** Required work **
Of all the lines below, return only those starting with the line holding "Jardín de catedral.JPG" and going on through the line holding "Galium Galium", exactly as written.

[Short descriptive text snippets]
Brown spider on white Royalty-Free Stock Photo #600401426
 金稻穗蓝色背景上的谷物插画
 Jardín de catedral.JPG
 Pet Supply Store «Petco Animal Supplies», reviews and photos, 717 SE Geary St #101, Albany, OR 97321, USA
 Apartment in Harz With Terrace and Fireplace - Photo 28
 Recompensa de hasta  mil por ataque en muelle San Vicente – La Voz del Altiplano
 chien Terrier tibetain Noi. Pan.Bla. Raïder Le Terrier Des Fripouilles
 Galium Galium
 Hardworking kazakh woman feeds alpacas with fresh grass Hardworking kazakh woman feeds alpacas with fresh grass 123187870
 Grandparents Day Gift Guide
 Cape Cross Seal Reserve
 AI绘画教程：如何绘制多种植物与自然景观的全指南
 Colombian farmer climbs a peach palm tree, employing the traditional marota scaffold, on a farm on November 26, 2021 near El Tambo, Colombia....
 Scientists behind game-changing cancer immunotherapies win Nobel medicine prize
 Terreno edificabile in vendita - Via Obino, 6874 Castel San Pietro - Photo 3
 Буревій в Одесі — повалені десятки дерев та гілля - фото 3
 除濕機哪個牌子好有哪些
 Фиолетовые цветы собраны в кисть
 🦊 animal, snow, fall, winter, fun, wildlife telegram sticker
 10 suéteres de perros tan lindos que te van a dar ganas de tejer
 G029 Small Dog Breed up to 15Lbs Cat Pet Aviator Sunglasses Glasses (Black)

** Answer section **
 Jardín de catedral.JPG
 Pet Supply Store «Petco Animal Supplies», reviews and photos, 717 SE Geary St #101, Albany, OR 97321, USA
 Apartment in Harz With Terrace and Fireplace - Photo 28
 Recompensa de hasta  mil por ataque en muelle San Vicente – La Voz del Altiplano
 chien Terrier tibetain Noi. Pan.Bla. Raïder Le Terrier Des Fripouilles
 Galium Galium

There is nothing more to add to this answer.